Beyond Meat (BYND +0.30%) might be plant-based, but it's given investors plenty of indigestion over the past few weeks.
The stock plunged the week of Oct. 13 as the company made a tender offer for $1.1 billion in convertible debt, signaling that it was about to massively dilute existing shareholders. On Oct. 16, it completed the tender offer, saying it had created 316 million new shares, essentially growing shares outstanding by nearly 5x.
From Oct. 10 to Oct. 16, the stock lost 74% to close at $0.52 on extraordinarily high volume, showing that the tender offer seemed to spook investors. The company was likely desperate to eliminate the debt, even though it would dilute shareholders several times over, making the odds of a comeback even longer.
However, something surprising happened once the tender offer was complete and those investors were free to sell their shares. The stock was flooded with liquidity, and trading volume spiked again, rising past 400 million. The stock rose 24% on Friday, Oct. 17.
Over that weekend, an argument seemed to gain steam on social media that Beyond Meat had very high short interest. Investors on Reddit and X declared it the next target of a collective short squeeze, trying to make it the next GameStop (GME 1.28%). Other investors argued that the debt-to-stock conversion the week before greatly improved its financial prospects and set it up for a comeback. On Tuesday, the company said that Walmart would expand the number of Beyond Meat products in its stores, which seemed to help the rally.
Those factors combined to send the stock up as high as an intraday peak of $7.69 on Oct. 22, or a gain of 1,378% in less than a week, before the rally fizzled. It has fallen nearly every session since then and closed at $1.65 on Oct. 30.
Investors wondering whether Beyond Meat is the next great meme stock might be disappointed to learn the answer. Here's what Beyond Meat's missing from the meme stock equation.
Image source: Beyond Meat.
Beyond Meat's fatal flaw
Meme stocks are generally thought of as brand-name stocks that catch fire among a group of investors on social media who pump the stock up several times beyond its original value.

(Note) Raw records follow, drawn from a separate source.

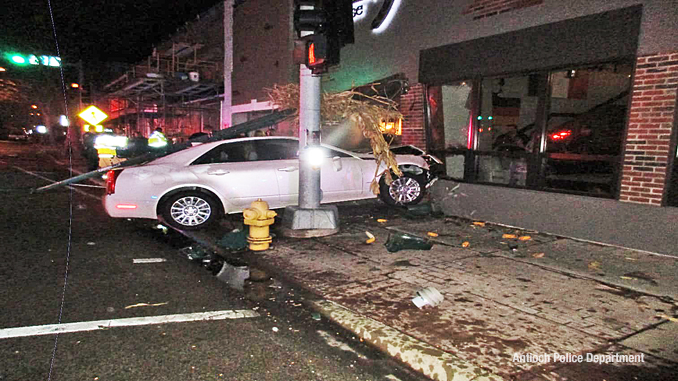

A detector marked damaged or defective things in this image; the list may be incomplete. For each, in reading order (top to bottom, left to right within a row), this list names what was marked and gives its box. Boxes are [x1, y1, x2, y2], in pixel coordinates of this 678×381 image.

damaged building facade [103, 1, 676, 254]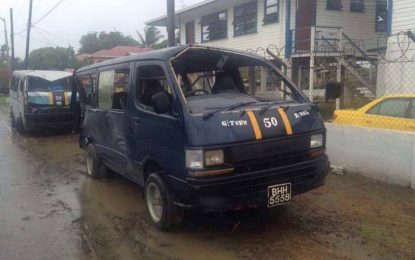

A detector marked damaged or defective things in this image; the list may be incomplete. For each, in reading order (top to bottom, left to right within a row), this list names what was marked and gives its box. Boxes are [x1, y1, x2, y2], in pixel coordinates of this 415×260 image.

damaged minibus [9, 70, 75, 133]
shattered windshield [28, 76, 72, 92]
shattered windshield [172, 48, 302, 112]
damaged minibus [72, 45, 332, 231]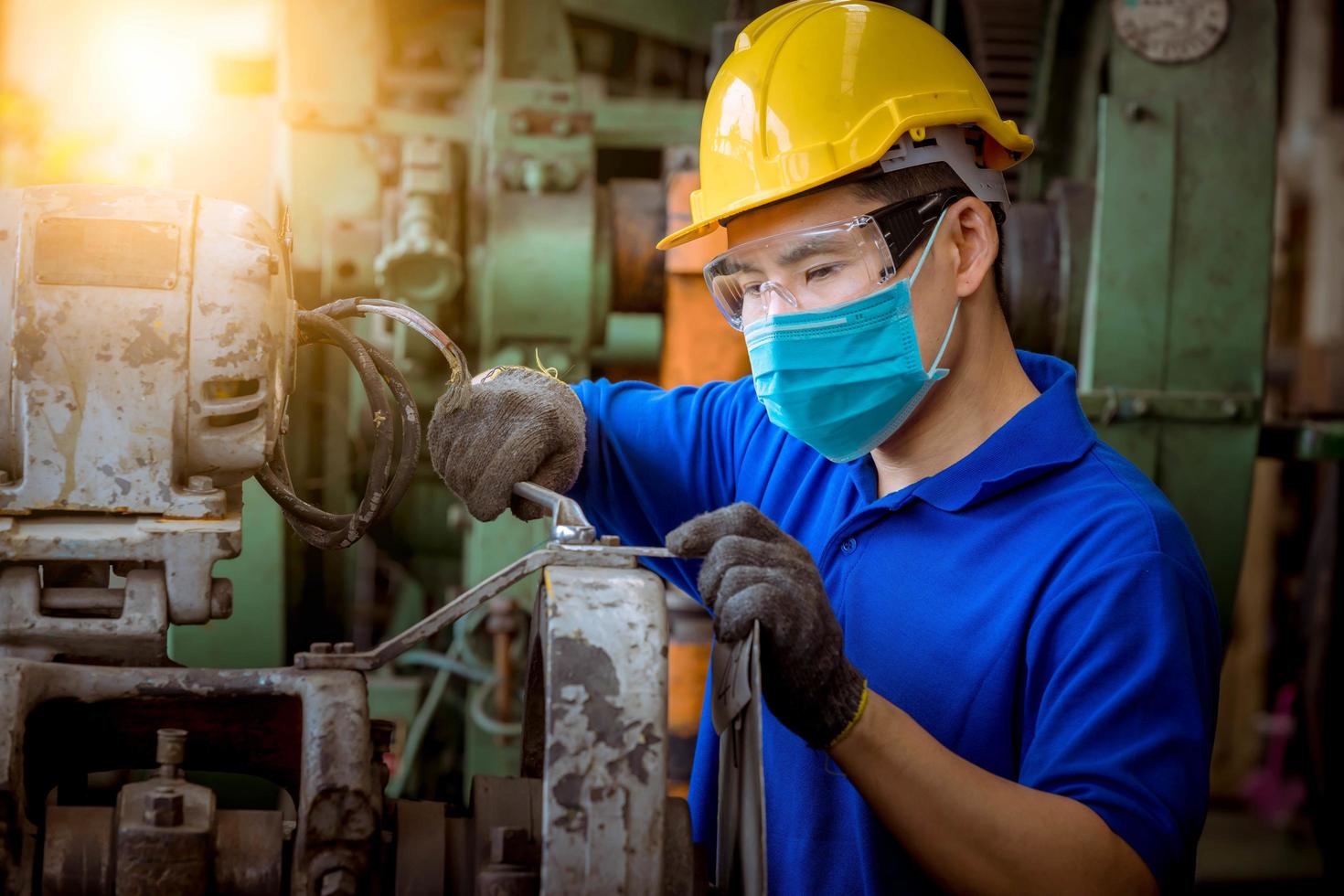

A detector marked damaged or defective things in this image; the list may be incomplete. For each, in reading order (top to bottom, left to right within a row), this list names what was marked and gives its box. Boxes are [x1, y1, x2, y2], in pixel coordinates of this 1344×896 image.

rusty industrial machine [0, 186, 761, 892]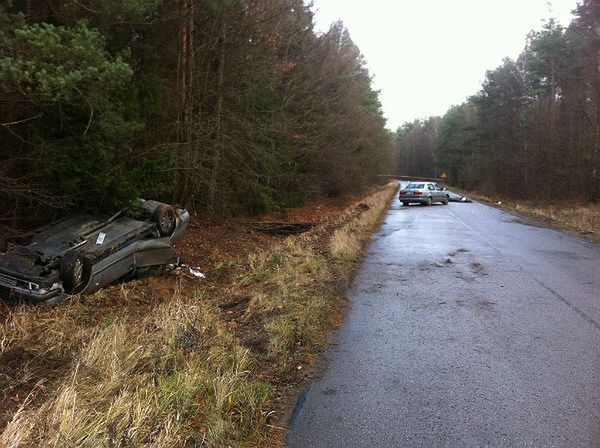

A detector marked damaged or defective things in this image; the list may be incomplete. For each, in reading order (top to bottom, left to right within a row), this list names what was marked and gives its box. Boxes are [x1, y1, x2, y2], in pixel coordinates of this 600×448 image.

overturned car [0, 200, 189, 302]
crashed vehicle [0, 200, 190, 302]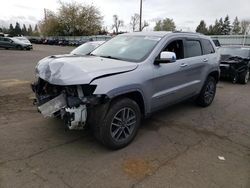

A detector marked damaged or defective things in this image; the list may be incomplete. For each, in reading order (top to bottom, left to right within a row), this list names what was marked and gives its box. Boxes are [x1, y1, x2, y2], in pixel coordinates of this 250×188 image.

crumpled hood [35, 54, 138, 85]
damaged front end [31, 78, 108, 130]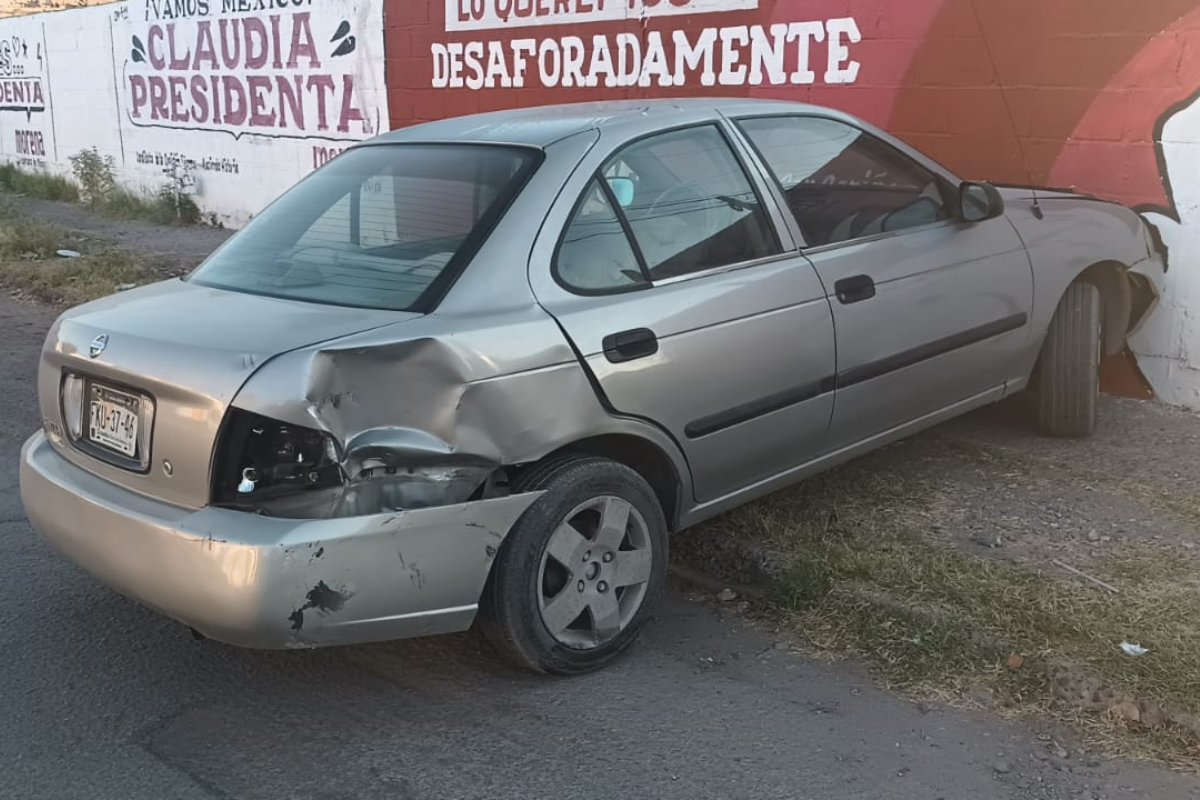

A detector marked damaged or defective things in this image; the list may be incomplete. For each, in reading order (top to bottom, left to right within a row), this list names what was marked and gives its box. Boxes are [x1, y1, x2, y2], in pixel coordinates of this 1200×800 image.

broken headlight [210, 412, 342, 506]
dented bumper [19, 432, 540, 648]
damaged silver sedan [18, 100, 1160, 676]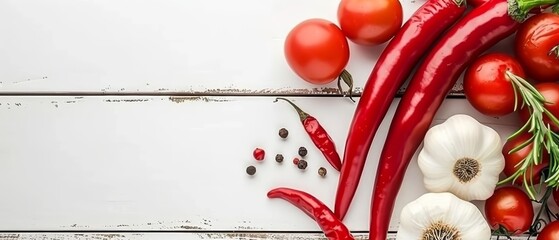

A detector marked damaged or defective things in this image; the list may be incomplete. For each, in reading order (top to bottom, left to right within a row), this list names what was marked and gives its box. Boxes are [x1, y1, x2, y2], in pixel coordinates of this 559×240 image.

chipped white paint [0, 0, 516, 94]
chipped white paint [0, 95, 520, 232]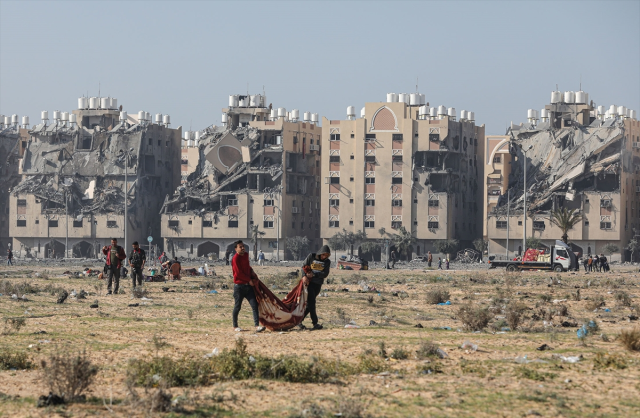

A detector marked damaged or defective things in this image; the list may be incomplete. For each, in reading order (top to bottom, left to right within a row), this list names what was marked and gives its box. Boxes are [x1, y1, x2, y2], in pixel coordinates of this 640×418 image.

damaged facade [0, 119, 28, 253]
damaged facade [8, 101, 181, 258]
damaged facade [160, 96, 320, 260]
damaged facade [322, 94, 482, 258]
damaged facade [484, 91, 640, 260]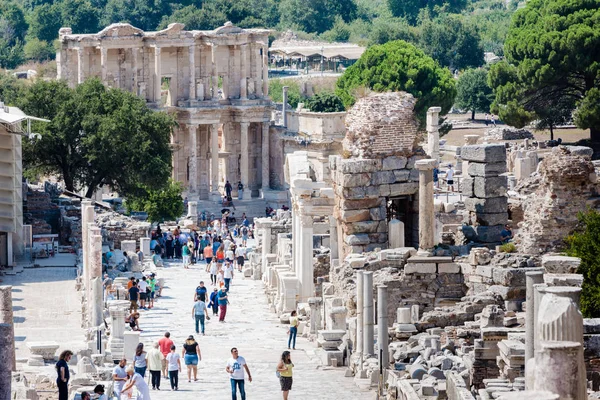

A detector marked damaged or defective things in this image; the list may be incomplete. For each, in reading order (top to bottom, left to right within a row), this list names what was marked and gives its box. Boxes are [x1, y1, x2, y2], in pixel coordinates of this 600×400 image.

broken pillar [386, 219, 406, 247]
broken pillar [414, 159, 438, 255]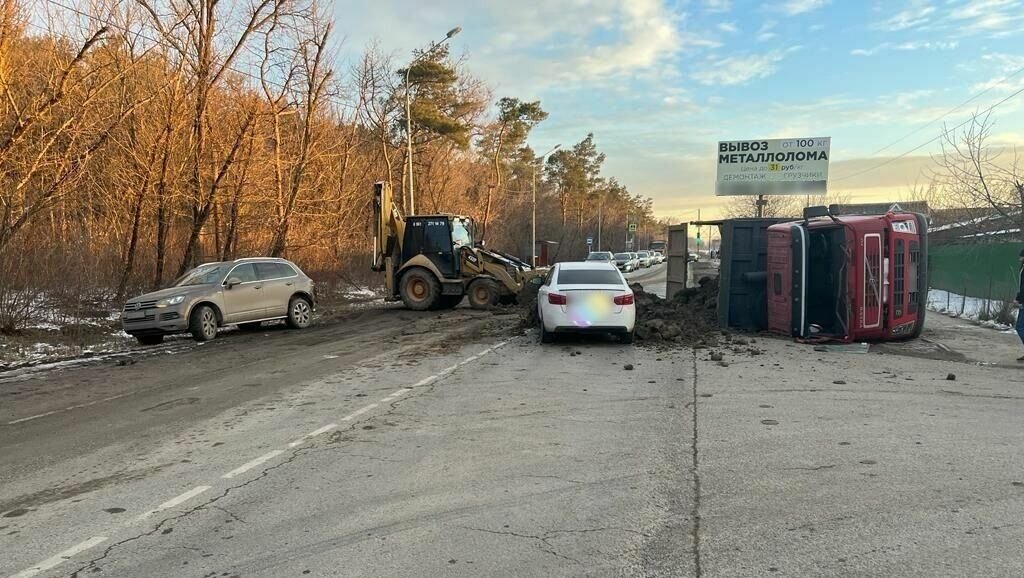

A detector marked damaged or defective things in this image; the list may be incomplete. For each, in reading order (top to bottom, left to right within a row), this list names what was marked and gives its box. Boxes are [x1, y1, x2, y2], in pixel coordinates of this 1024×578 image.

overturned truck [712, 207, 929, 342]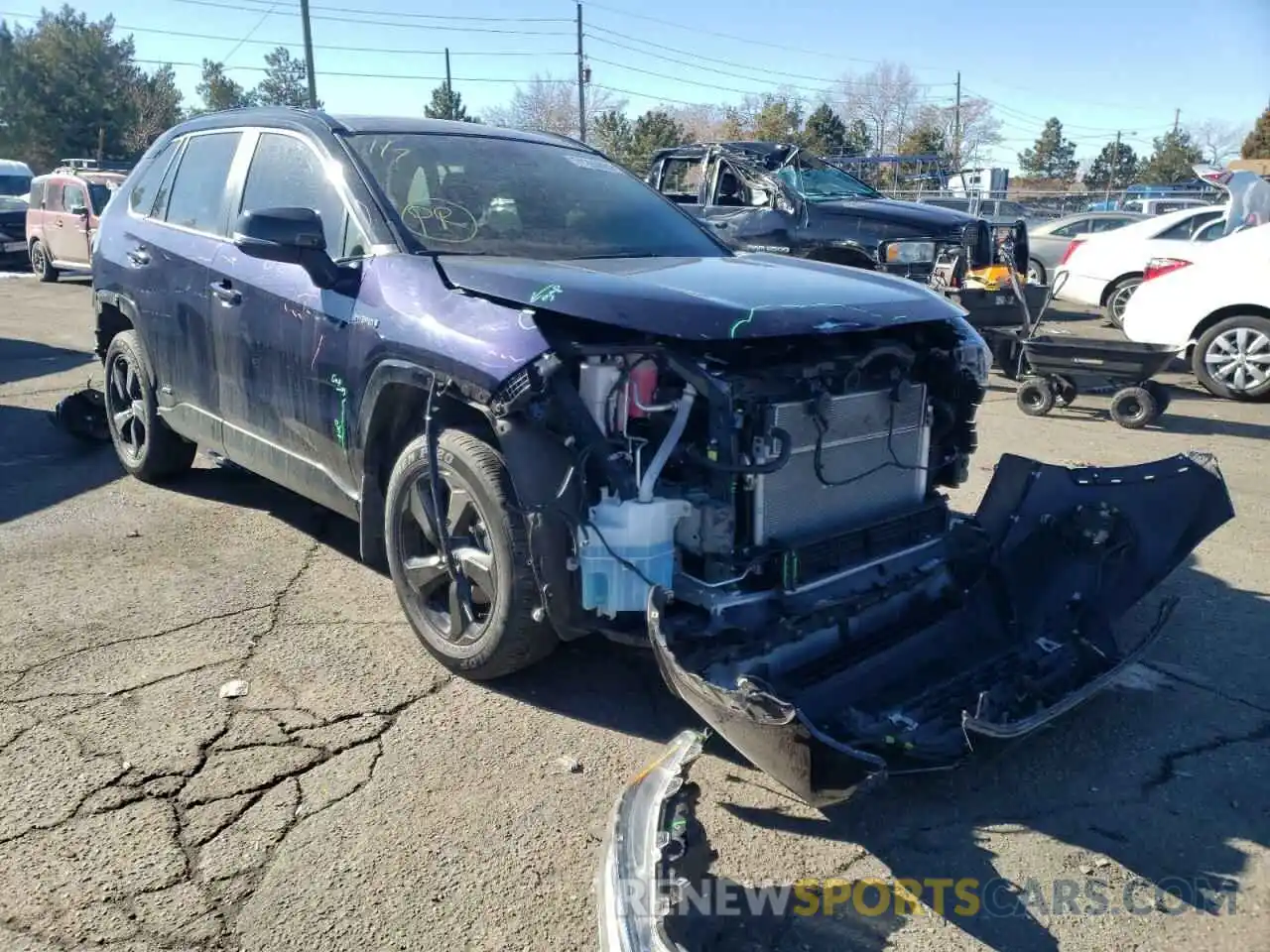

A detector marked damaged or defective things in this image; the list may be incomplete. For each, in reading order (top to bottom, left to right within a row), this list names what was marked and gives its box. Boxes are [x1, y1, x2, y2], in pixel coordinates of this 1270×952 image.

crumpled hood [432, 254, 954, 342]
wrecked black pickup truck [645, 141, 1041, 327]
crumpled hood [808, 193, 975, 230]
damaged suv [96, 109, 1229, 807]
cracked asphalt [0, 270, 1264, 952]
front end damage [645, 451, 1229, 807]
detached bumper [594, 736, 705, 949]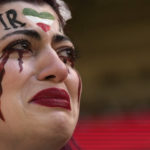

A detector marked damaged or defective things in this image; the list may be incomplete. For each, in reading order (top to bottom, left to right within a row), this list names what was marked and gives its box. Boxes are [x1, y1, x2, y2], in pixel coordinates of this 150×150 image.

painted tear streak [22, 7, 54, 31]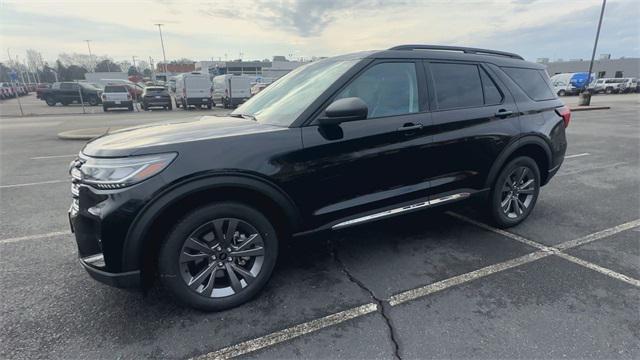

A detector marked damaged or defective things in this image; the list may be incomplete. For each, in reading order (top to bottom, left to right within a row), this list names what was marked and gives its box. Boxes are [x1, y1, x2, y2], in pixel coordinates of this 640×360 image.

crack in pavement [328, 239, 402, 360]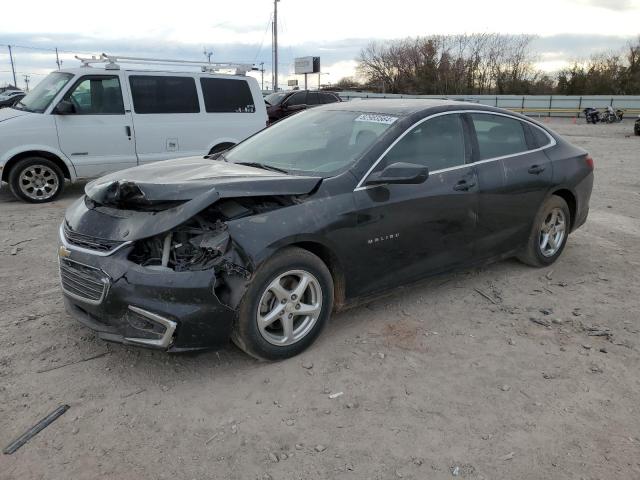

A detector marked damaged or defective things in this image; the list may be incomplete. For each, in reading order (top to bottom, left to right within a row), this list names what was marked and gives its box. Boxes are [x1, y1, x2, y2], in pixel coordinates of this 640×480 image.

crumpled hood [0, 107, 29, 123]
crumpled hood [85, 156, 322, 204]
damaged front end [59, 165, 320, 352]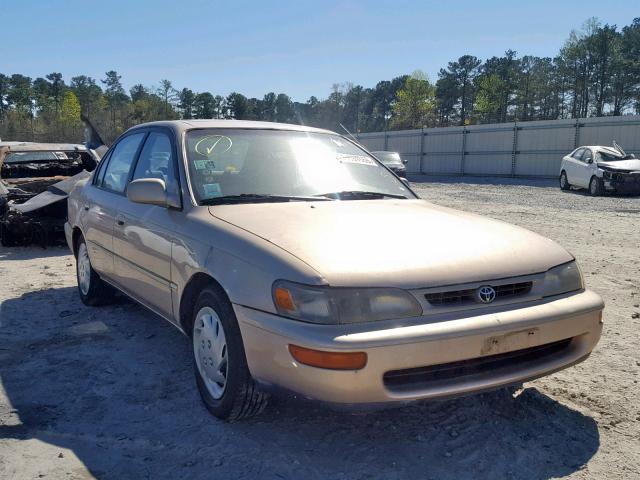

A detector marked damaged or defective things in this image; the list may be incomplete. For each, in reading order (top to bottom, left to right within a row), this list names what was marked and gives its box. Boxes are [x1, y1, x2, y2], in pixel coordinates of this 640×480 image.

burned wrecked car [0, 141, 100, 246]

Those characteristics are true of Beyond Meat, but it's missing another key component. There's typically some kind of plausible fundamental argument underlying the meme stock buzz.
GameStop, the original and best-known meme stock, was fueled by a massive short squeeze and gamma squeeze at the time. But the stock was also cheap based on some metrics, and valued like it was going out of business, even though it generated positive free cash flow in 2020. The company was also hit hard by the pandemic, which was a temporary headwind.
AMC Entertainment (AMC +1.97%), the world's largest movie theater chain, also represented a declining business model that had been hit hard by the pandemic and therefore was seen as temporarily beaten down.
Both those stocks may have aging business models, but are still operating today.
On the other hand, Beyond Meat doesn't look undervalued, and it's not the victim of a declining business model. Instead, its demise has been the result of bad product-market fit, meaning that customers don't want to buy its product. Its unit economics have proven untenable as well, as the company has reported a negative gross profit in several quarters. Its product is expensive, and it can't make it cheap enough to entice more customers to buy it.
The decision to convert the debt to stock seems to have come out of desperation, as the company had $1.1 billion in convertible debt maturing in 2027, and roughly $700 million in assets on its balance sheet. Its revenue has also been declining, and losses continue to mount.

NASDAQ: BYND
Key Data Points
Is the party over?
The marketplace is a crucible for new ideas, and the Beyond Meat experiment has lasted for several years. Consumers have weighed in, and not enough of them seem to be interested in buying the product. A lot would have to change with the business in order to close that gap.
Given that, Beyond Meat is likely to head lower as the prospects for the business continue to look dimmer, and its cash will likely run out.